*DATA RECORDS*:
◆ ◆ ◆

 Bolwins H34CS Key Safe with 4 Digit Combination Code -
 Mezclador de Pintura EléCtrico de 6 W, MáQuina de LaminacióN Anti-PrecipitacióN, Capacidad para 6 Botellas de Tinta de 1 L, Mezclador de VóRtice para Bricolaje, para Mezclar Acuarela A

◆ ◆ ◆

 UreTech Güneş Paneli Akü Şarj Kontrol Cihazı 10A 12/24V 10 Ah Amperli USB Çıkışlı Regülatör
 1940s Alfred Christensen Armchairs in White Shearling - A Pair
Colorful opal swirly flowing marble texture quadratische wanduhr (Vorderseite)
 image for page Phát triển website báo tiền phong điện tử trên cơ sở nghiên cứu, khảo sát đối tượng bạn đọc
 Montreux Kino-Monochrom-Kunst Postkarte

◆ ◆ ◆

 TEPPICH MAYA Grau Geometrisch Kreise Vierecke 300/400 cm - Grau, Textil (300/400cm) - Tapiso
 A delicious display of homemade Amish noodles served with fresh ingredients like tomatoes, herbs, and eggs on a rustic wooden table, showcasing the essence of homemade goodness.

◆ ◆ ◆

*PROBLEM*: Which lines above run from the one containing "Colorful opal swirly" down to the one containing "Montreux Kino-Monochrom-Kunst Postkarte"? Repeat exactly those, both ends included, and nothing else.

*TASK RESPONSE*:
Colorful opal swirly flowing marble texture quadratische wanduhr (Vorderseite)
 image for page Phát triển website báo tiền phong điện tử trên cơ sở nghiên cứu, khảo sát đối tượng bạn đọc
 Montreux Kino-Monochrom-Kunst Postkarte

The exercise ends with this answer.